From Knowledge to Wisdom: The Gap That's Costing Leaders Their Credibility with Geoff McLachlan
No More Leadership BS
From Knowledge to Wisdom: The Gap That's Costing Leaders Their Credibility with Geoff McLachlan
April 1, 2026
We asked a question this week that most leadership content completely ignores: What's the difference between knowing something and actually being wise? The answer might make you rethink how you're developing your team...and yourself.

You've Got All the Answers. So Why Are You Still Getting It Wrong?
In an age where every fact, framework, and leadership hack is one Google search away, we've never had more knowledge — and yet truly wise leadership feels increasingly rare. So what gives?

In this episode of No More Leadership BS, the panel tackles one of the most overlooked distinctions in leadership development: the difference between knowing things and actually being wise enough to use them well. Spoiler alert — your PhD, your MBA, and your meticulously curated bookshelf aren't going to save you.

Dots, Knots, and the Gap In Between Think of knowledge as collecting dots — every book you read, every training you sit through, every observation you file away. Wisdom? That's what happens when you connect those dots through real, lived, sometimes-painful application. And here's the kicker: until you've actually put your knowledge on the line and let it get banged around in the real world, you're not wise — you're just well-informed. There's a big difference.

Confidence Doesn't Come From Knowing — It Comes From Doing The panel makes a compelling case that knowledge alone doesn't build confidence — applying knowledge does. You can read every leadership book ever written, but if you've never had to navigate a messy team, make a call with incomplete information, or own a decision that didn't go your way, you're still operating on theory. Real confidence is earned in the field, not the classroom.

The Danger of Parking in Stupid What happens when someone has knowledge but refuses to learn from the experience of applying it badly? They park in stupid. The group digs into the frustrating (and all-too-common) phenomenon of leaders — young and seasoned alike — who cling to what they read instead of what reality is showing them. Experience without reflection is just repetition. Wisdom requires the willingness to update the playbook.

So How Do We Actually Develop Wisdom? For leaders who want to help their emerging talent bridge the gap, this episode gets practical. Coach, mentor, ask good questions, and resist the urge to be the answer to everything.
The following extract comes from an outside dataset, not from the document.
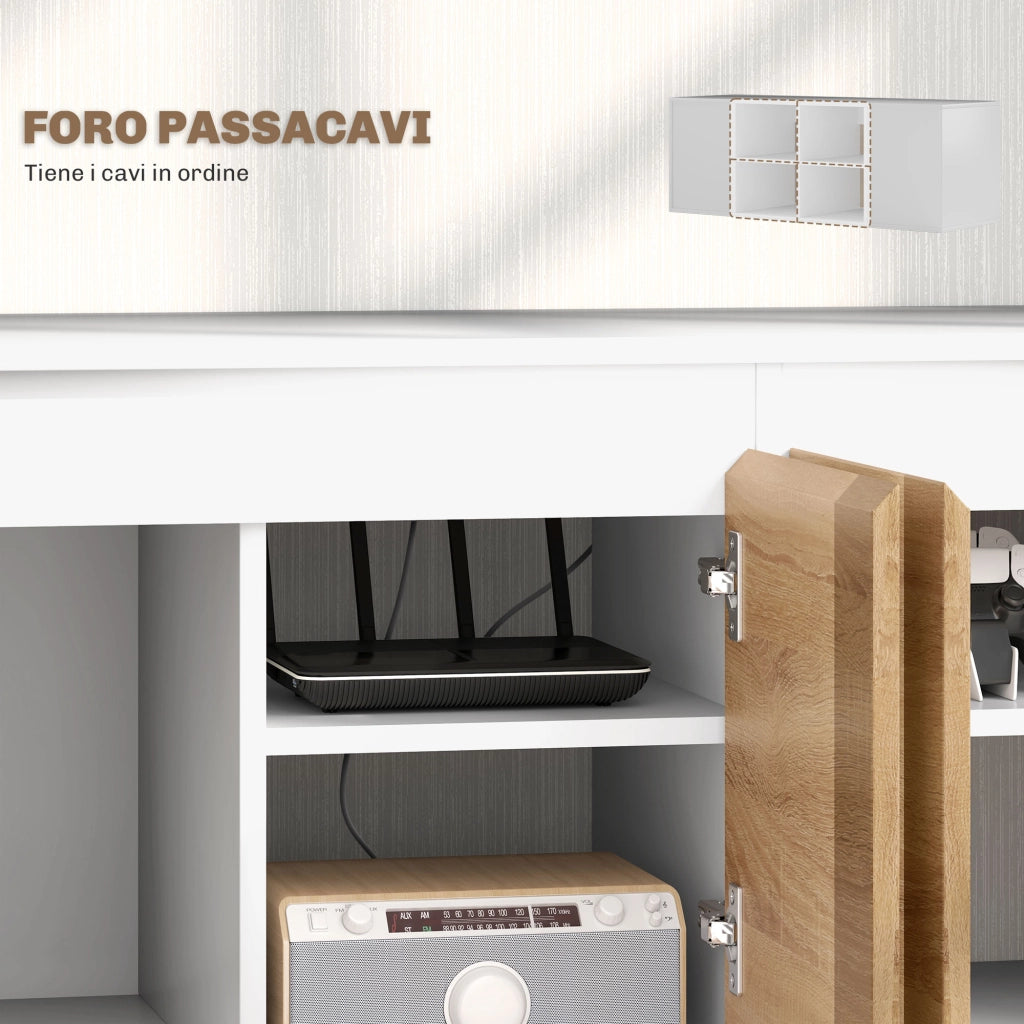 Mobile TV con Scaffale Parete ¨C Xylo ¨C Legno Bianco, 7 Ripiani, 120x41x43 cm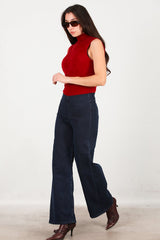 Weit Geschnittene Jeans Mit Elastischem Bund — Marineblau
The best thing you can do for a developing leader is help them find their own wisdom — not hand them yours. And if you're the emerging leader realizing you've been running on theory? Get a coach. Find someone with battle-tested wisdom in your field. The gray hairs exist for a reason.

The Bottom Line Knowledge is the what. Wisdom is the how, when, and whether. In a world drowning in information, the leaders who stand apart aren't the ones who know the most — they're the ones who've lived through enough, learned from it, and know how to apply it when the stakes are high. And no, six weeks of student teaching doesn't count.

Tune In For:

You can be the most informed person in the room and still make the dumbest call. Tune in and find out why — and what to do instead.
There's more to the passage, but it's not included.